RDBMS (Relational DBMS), which appeared in the 1980's, has continued to evolve in step with the changing IT environment. As a result, it firmly established itself as a core infrastructure of the enterprise information system. RDBMS, which uses disks as main data storage in most cases, has been extended its application area from basic database management to many other areas including data warehouse and data mining. In particular, the concept of separating data and application was very useful, and it led to the explosive growth of DBMS.
		
However, the DB application environment began to require high performance data processing due to changes in network devices and speed. In particular, the users whose number was quickly increased as a result of the rapid growth in the Internet and mobile communication wanted fast and stable real-time service regardless of time and location.

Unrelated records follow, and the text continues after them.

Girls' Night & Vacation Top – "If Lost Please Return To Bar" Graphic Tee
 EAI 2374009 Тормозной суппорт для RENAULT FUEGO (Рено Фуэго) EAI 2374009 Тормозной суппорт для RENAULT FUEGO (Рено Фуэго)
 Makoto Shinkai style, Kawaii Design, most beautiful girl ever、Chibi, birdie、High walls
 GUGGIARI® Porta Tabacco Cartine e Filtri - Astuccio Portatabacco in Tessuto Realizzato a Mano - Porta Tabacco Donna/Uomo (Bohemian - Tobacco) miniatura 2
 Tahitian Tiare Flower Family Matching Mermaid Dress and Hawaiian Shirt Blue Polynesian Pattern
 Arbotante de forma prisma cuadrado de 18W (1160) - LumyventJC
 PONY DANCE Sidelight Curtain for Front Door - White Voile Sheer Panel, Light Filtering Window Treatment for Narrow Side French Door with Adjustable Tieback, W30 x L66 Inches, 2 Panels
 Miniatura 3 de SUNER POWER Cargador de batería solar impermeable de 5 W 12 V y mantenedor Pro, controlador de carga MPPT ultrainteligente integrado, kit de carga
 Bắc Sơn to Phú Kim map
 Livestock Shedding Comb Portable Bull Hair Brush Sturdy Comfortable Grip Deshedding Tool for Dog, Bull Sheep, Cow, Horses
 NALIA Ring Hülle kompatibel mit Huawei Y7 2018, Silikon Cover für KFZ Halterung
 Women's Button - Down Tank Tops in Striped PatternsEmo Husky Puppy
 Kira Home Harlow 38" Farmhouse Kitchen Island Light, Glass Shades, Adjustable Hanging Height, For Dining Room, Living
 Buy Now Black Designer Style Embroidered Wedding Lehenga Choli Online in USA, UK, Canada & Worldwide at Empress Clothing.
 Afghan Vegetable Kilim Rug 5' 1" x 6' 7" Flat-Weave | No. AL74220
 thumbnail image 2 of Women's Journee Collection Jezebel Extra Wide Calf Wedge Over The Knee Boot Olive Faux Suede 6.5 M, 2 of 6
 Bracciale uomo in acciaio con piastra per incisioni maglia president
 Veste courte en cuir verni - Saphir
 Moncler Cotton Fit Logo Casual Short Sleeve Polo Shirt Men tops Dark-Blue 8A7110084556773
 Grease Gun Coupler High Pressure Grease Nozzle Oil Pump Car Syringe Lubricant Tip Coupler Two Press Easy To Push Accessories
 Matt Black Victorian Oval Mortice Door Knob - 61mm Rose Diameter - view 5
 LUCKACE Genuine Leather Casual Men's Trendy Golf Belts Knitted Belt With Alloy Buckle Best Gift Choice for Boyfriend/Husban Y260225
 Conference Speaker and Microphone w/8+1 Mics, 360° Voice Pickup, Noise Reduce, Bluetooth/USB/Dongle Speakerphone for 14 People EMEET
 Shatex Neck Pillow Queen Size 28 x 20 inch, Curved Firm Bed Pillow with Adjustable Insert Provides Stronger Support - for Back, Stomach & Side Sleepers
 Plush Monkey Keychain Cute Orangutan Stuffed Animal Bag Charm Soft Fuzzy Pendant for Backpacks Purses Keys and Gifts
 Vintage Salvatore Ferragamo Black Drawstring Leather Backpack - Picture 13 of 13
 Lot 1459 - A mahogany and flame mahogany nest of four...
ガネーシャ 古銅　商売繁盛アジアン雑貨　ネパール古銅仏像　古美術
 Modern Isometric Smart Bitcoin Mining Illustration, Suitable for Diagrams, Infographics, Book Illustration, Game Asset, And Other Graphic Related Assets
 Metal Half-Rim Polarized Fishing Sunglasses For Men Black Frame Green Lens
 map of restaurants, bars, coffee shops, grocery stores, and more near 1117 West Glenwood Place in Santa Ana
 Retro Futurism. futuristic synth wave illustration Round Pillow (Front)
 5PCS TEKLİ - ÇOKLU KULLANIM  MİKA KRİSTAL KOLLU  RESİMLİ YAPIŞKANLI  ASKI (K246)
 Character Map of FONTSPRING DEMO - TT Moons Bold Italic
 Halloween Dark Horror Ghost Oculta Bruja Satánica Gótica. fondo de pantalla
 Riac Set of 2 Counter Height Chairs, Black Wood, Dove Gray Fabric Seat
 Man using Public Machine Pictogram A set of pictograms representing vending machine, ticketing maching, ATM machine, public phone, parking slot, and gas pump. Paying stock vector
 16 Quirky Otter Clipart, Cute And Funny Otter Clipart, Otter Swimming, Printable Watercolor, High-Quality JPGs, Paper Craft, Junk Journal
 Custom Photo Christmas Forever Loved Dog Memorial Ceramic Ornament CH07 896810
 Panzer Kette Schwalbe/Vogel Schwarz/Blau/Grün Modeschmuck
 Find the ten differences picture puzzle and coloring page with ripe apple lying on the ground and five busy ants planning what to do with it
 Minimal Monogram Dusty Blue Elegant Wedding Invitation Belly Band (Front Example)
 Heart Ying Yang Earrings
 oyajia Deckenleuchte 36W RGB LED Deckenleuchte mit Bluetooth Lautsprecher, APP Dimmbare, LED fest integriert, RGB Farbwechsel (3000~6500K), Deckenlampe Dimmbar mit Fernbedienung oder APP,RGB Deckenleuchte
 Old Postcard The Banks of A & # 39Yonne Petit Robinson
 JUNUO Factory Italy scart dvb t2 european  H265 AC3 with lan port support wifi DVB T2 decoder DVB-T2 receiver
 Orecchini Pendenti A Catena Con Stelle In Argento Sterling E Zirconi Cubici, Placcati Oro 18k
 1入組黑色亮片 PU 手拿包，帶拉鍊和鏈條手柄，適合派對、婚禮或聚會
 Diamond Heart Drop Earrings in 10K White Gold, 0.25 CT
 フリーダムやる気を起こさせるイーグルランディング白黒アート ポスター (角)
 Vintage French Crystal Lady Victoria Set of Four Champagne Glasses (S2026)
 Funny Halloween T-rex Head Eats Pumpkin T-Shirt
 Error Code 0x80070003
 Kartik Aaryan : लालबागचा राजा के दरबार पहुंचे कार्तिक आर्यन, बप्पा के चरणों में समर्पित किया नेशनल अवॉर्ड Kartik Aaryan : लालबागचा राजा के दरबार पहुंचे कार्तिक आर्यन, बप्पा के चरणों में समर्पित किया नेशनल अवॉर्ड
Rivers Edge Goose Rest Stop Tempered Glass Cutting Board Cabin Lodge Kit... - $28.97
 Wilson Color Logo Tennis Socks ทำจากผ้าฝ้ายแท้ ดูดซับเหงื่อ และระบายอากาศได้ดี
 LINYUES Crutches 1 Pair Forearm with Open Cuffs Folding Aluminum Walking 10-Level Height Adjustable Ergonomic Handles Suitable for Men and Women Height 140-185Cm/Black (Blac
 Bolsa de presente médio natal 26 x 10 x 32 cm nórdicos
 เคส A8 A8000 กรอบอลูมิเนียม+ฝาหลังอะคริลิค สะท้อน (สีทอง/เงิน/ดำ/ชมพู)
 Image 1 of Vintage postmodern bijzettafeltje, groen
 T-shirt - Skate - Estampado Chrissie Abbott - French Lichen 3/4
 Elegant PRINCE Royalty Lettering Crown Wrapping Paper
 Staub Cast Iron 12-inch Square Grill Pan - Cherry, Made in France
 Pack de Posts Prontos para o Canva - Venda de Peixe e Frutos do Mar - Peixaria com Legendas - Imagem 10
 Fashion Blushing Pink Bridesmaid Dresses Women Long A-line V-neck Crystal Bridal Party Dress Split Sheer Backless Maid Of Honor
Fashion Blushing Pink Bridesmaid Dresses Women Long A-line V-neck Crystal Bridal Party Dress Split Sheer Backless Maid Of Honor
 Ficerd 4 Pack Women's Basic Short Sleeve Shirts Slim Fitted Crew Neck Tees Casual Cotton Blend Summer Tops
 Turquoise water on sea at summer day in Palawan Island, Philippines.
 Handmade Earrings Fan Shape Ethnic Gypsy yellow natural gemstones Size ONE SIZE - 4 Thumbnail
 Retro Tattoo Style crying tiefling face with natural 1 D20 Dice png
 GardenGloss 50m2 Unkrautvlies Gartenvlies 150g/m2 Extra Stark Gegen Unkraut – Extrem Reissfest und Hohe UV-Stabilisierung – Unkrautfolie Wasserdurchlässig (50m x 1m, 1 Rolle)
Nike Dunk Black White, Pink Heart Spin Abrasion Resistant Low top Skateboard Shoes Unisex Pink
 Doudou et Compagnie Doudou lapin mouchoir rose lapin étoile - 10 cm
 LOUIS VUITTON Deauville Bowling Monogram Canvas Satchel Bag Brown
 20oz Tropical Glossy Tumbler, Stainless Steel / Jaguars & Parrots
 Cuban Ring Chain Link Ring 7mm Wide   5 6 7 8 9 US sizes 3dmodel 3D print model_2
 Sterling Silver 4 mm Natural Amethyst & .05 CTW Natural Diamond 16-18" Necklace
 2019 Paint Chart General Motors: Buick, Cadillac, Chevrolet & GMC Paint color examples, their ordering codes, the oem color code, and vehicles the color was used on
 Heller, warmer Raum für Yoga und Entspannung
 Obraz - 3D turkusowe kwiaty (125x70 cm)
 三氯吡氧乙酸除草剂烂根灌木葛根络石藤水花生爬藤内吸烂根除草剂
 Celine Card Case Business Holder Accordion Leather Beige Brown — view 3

For instance, tens of thousands of users frequently connect to Internet portal sites or Internet game sites concurrently, and all of them want fast service. Especially, in case of the authentication system, the number of transactions the DBMS must process at the same time would be several hundreds. For another example in the mobile communication area, the subscriber location management system (HLR: Home Location Register) must process more than 15,000 transactions per second to handle 2,500 calls per second. Therefore, a DBMS providing fast processing speed and scalability, capable of handling a huge number of concurrent users, becomes essential.

In addition, along with fast response time and scalability for concurrent users, uninterrupted service provision is an important prerequisite for these application systems serving as the DBMS. Online stock trading systems, real-time billing systems and softswitch systems are typical database application services that must be provided for 24/7. They are typical fault-tolerant systems that should be interrupted in no case whatsoever. If the real-time billing system fails to compute charges even for a brief moment, the company will suffer a great deal of financial loss. Moreover, many real-time billing systems in mobile communication are designed to process 4,000 CDRs (Call Data Record) per second. Accordingly, these database application systems must guarantee fast response time of transactions while staying fault-tolerant.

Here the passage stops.